Maman, par chance, était absente toute la journée ce jour-là. Quand elle rentra,  l’ordre et la propreté régnaient dans la cuisine ; les lutins cuisiniers s’étaient envolés et le poulet dormait paisiblement dans sa grande cocotte en fonte, miraculeusement sauvée de la casse.

Le poulet nappé de sa sauce arachides avait eu le temps de mijoter quelques heures, mais quelques heures seulement… il n’avait pas eu le temps nécessaire pour mariner dans sa sauce comme il convenait…
 
Le poulet aux arachides allait-il avoir la saveur qu’en attendait Maman ? L’important était que les invités aient quelque chose à se mettre sous la dent et que Maman ne s’aperçoive pas du drame évité in extremis !
En attendant : motus et bouche cousue ! Nous étions ma sœur et moi très inquiètes du résultat, et nous tremblions en passant à table !

Poulet aux arachides et gnamagnamas


Les invités se régalèrent, félicitèrent Maman pour cette recette originale et délicieuse, et même en redemandèrent.
Après le départ des invités, Maman se tourna vers Papa, plutôt contente d’elle :

— Pas mauvais mon poulet aux arachides, hein ? Je le fais de mieux en mieux, je trouve ! La seule chose, c’est que tout ça manquait un peu de sel…moi qui croyais avoir trop forcé sur la dose…

— Tu es une cuisinière émérite, ma chérie, mais tout le monde le sait déjà ! Il n’y a que toi pour réussir un poulet aux arachides aussi savoureux. C’était succulent comme d’habitude !

Ma sœur et moi avons pouffé de rire en nous enfuyant prestement dans nos chambres.

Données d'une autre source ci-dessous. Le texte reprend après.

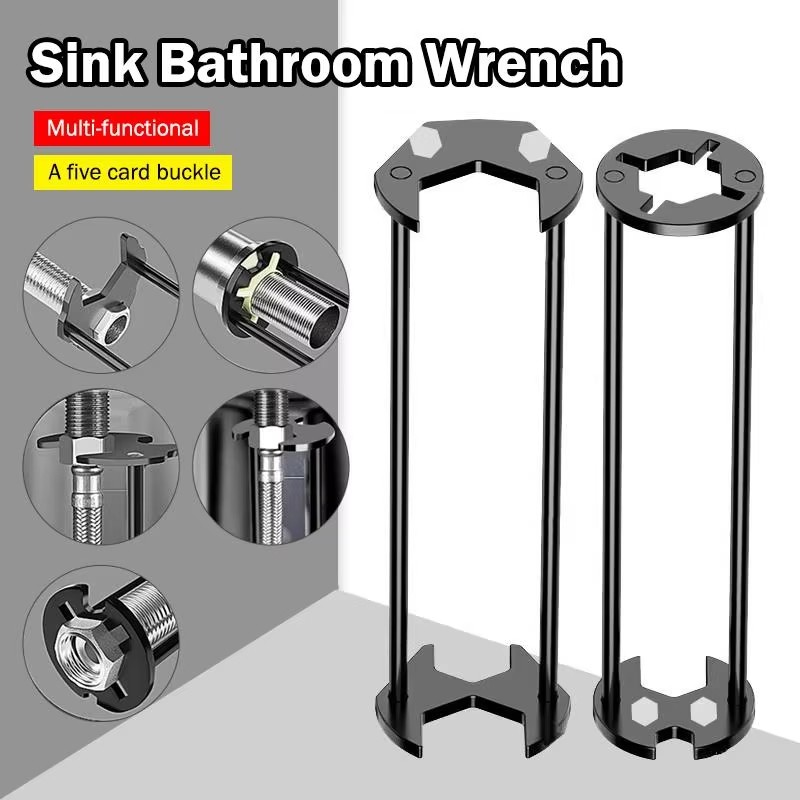 Multifunctional Sink Wrench Set, 2-Pack Basin and Faucet Wrench Tool with Fou.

Nous avions encore une fois échappé à la sentence maternelle, aux punitions et fessées que nous n’aurions pas manqué de recevoir si Maman avait découvert le pot aux roses.
Tout cela aurait pu tourner vinaigre si nos boys chéris n’avaient pas réparé les dégâts des petits diables que nous étions afin de nous protéger de la fureur maternelle.
Depuis, à chaque fois que Maman se mettait aux fourneaux pour cuisiner son fameux poulet aux arachides, nous ne manquions pas ma sœur et moi, d’un air malicieux, de lui rappeler de rajouter du sel, beaucoup de sel.

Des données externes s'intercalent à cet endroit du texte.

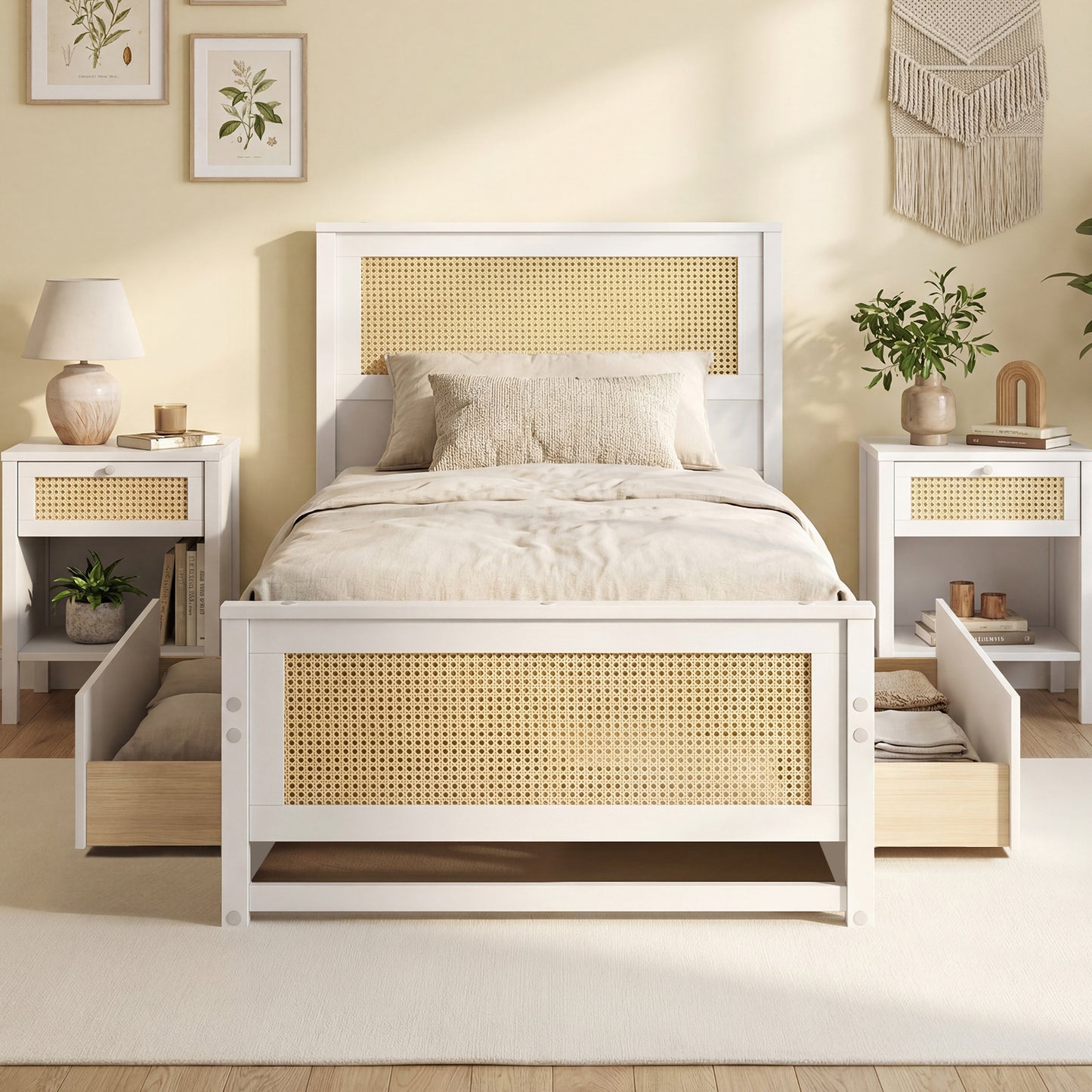 Twin Size Rattan Bed Frame with Storage Drawers, White Trundle Bed Frame at Gallery Canada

Rentrés définitivement en France depuis longtemps, nous mangeons encore aujourd’hui, lors des grandes réunions de famille, le poulet aux arachides que Maman assaisonne toujours à la perfection !
 Lorsque l’imposant plat arrive sur la table, c’est une immense bouffée de senteurs et de souvenirs qui nous monte au visage et au cœur.